### PROBLEM TO WORK ON
Using the data below, restate exactly every line from the one with "Arts & Science" up to and including the one with "radisson-blu-hotel-waterfront-cape-town.hotels-capetown.com/". No picture belongs in it.

[[ GIVEN RECORDS open ]]

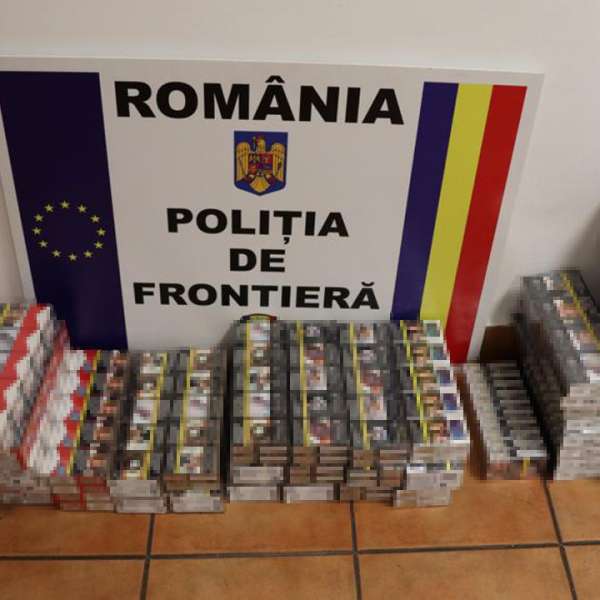 Peste 11.000 de țigarete ascunse în compartimentul motor, descoperite în P.T.F Calafat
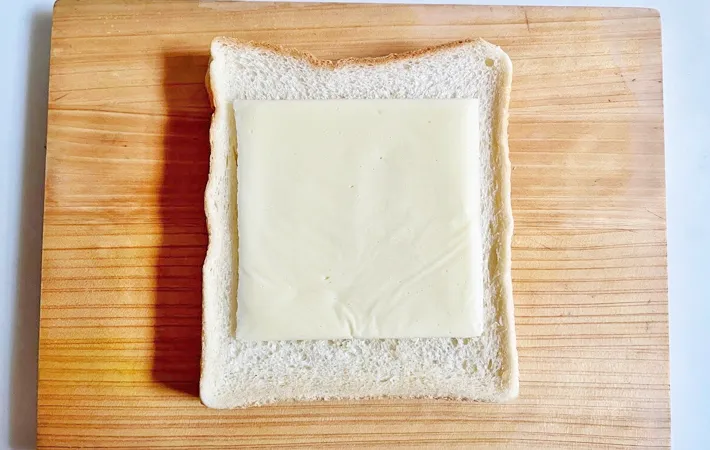 『カニカマチーズトースト』を作る写真（撮影：エニママ）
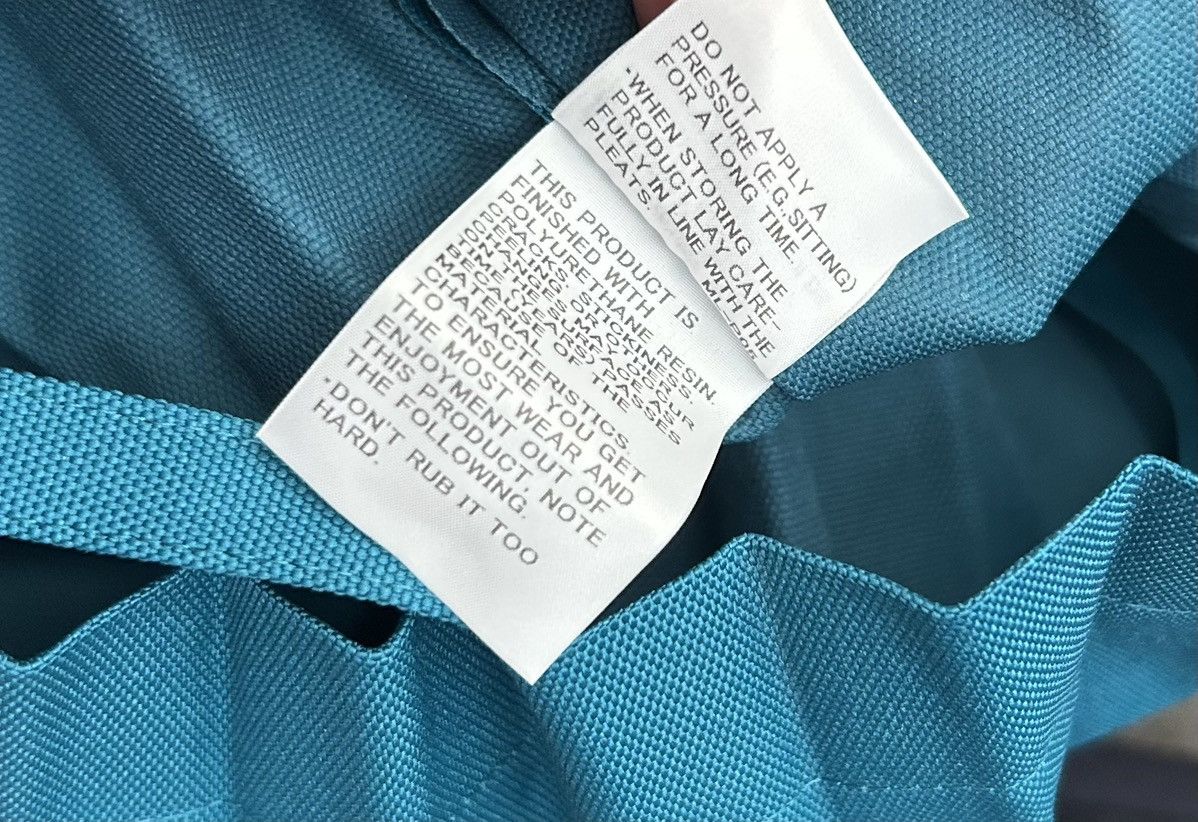 Issey Miyake me Issey Miyake Blue Trunk Pleats Bag OS Size ONE SIZE - 9 Thumbnail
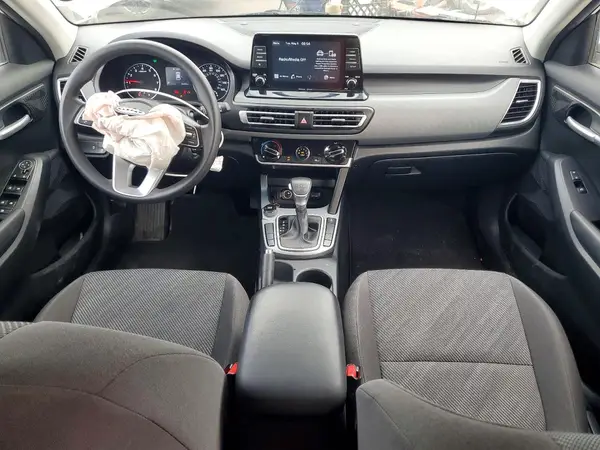 KNDEPCAA1M7126908 2021 KIA SELTOS - Image 8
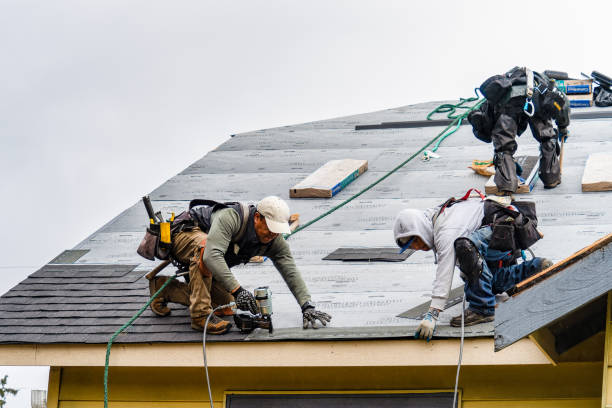 Professional Gutter Installation technician working in Belpre, OH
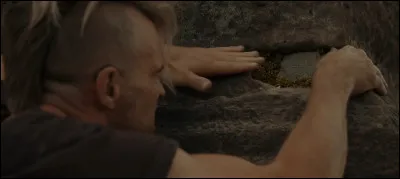 Complétez : 
"Um das einst gelobte..."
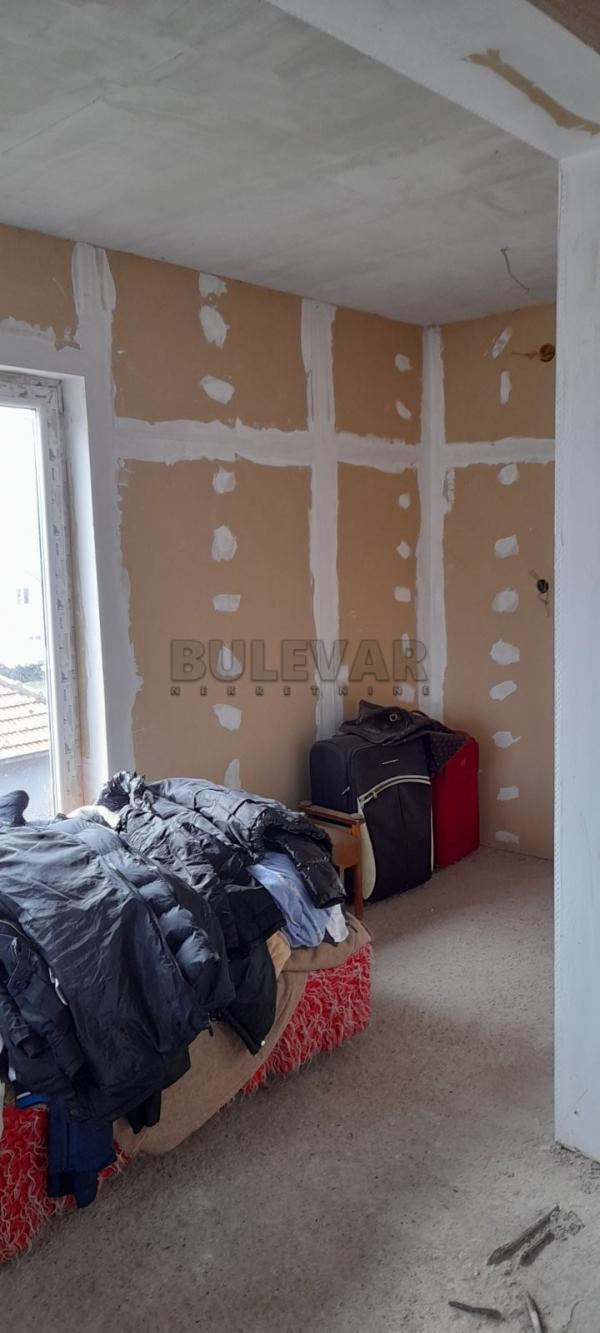 Slika 3 - Pasi poljana, Četvorosoban stan na prodaju, 112m2, 44.800€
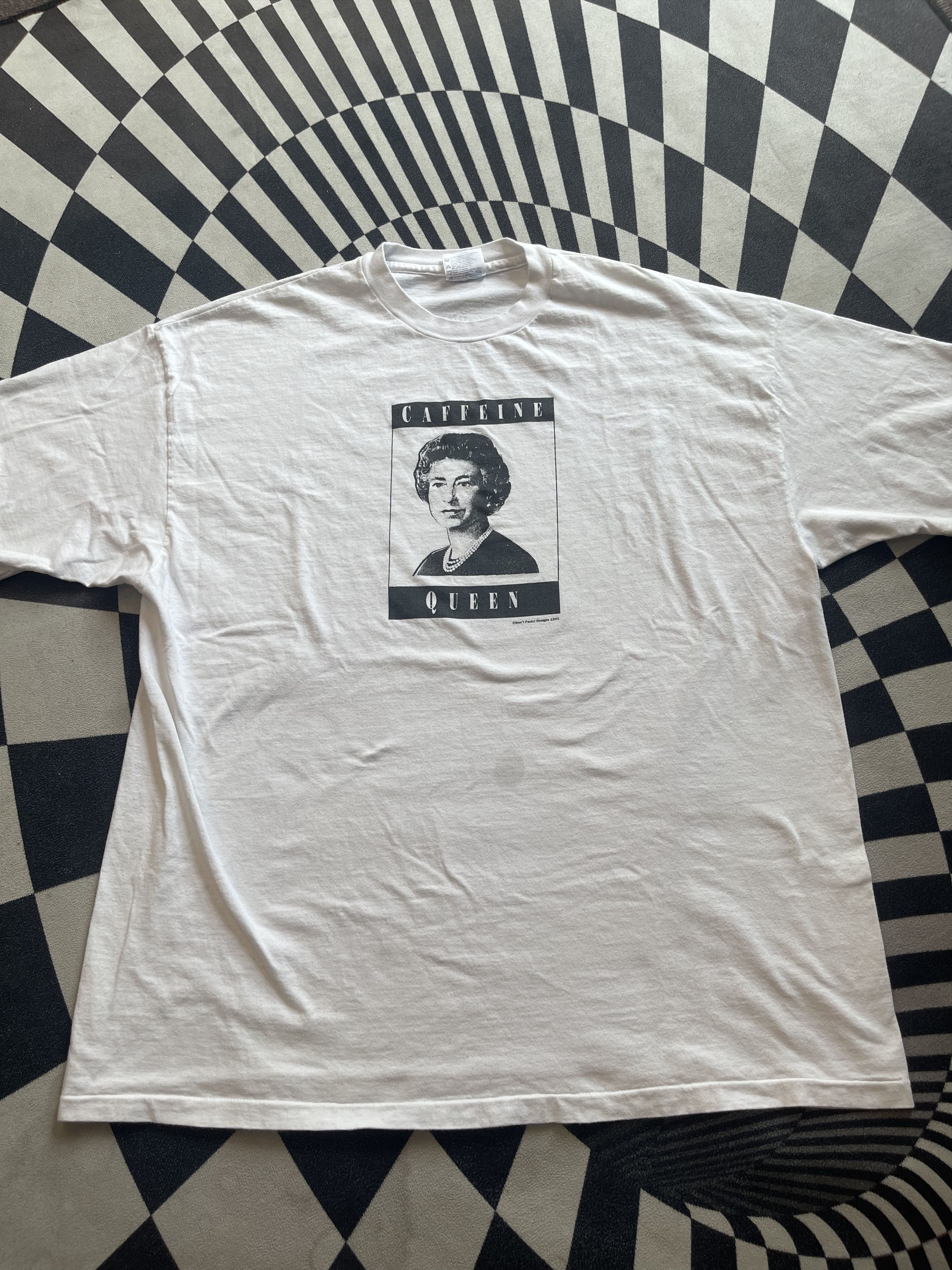 Arts & Science VTG 1993 Caffeine Queen Queen Elizabeth II Don't Panic Tee Size US XXL / EU 58 / 5 - 3 Thumbnail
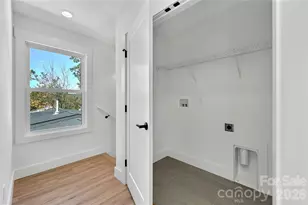 63 First St, Asheville, NC 28803 - Photo 23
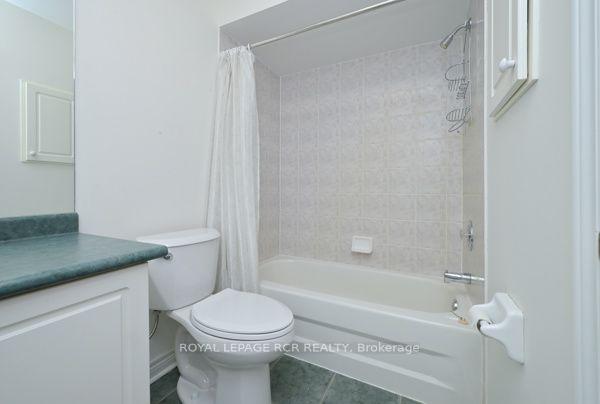 Photo 22 of 251 Denise Circle, Newmarket, Summerhill Estates — HOMEH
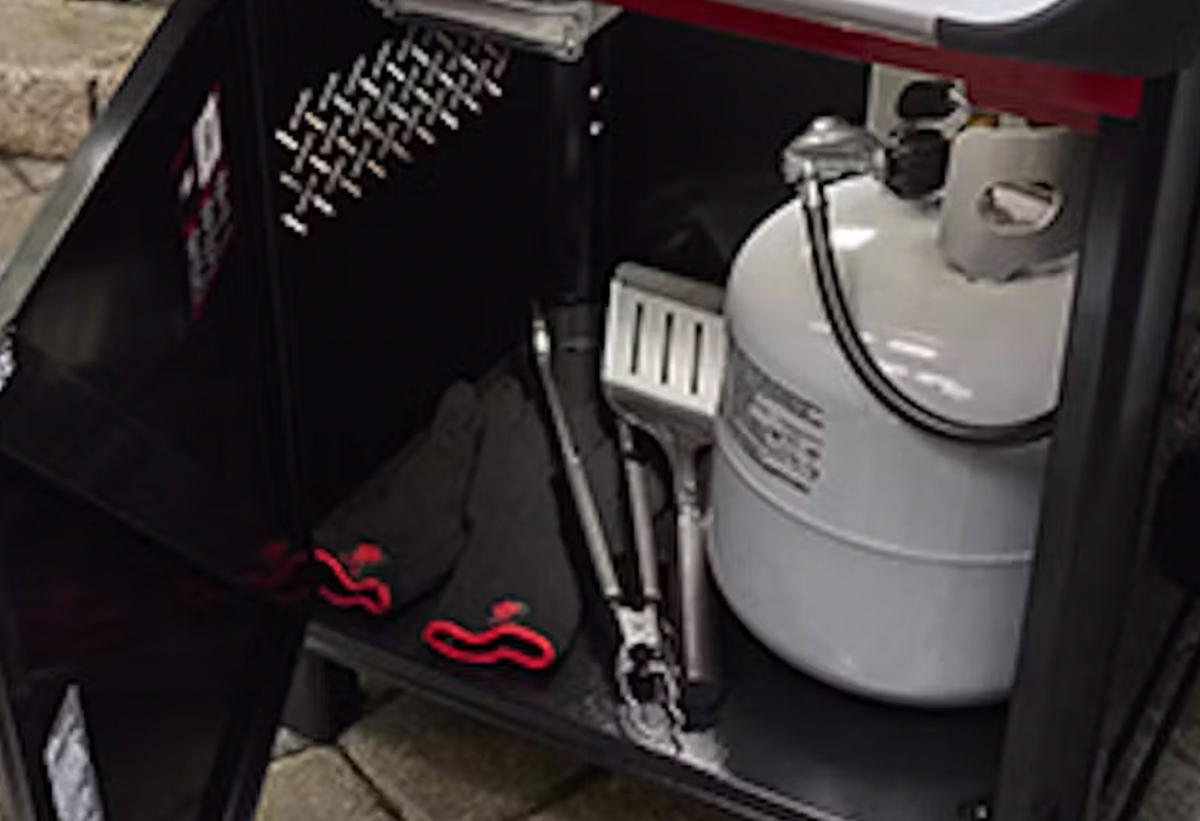 Απεικονίζεται το ντουλάπι της συσκευής.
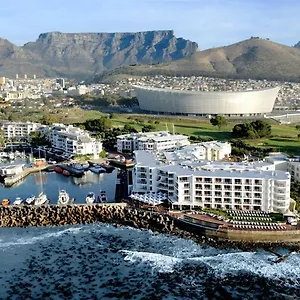 radisson-blu-hotel-waterfront-cape-town.hotels-capetown.com/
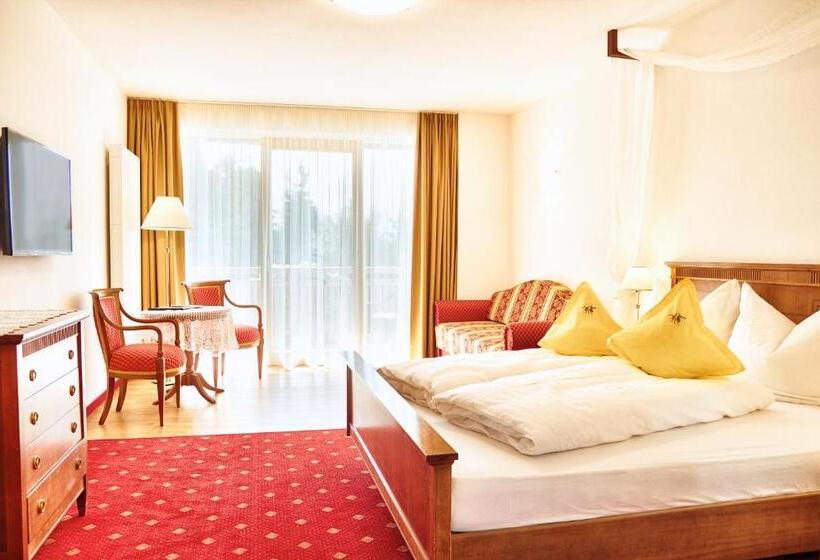 家庭间, Apipura Hotel Rinner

[[ GIVEN RECORDS closed ]]

### FINAL ANSWER
 Arts & Science VTG 1993 Caffeine Queen Queen Elizabeth II Don't Panic Tee Size US XXL / EU 58 / 5 - 3 Thumbnail
 63 First St, Asheville, NC 28803 - Photo 23
 Photo 22 of 251 Denise Circle, Newmarket, Summerhill Estates — HOMEH
 Απεικονίζεται το ντουλάπι της συσκευής.
 radisson-blu-hotel-waterfront-cape-town.hotels-capetown.com/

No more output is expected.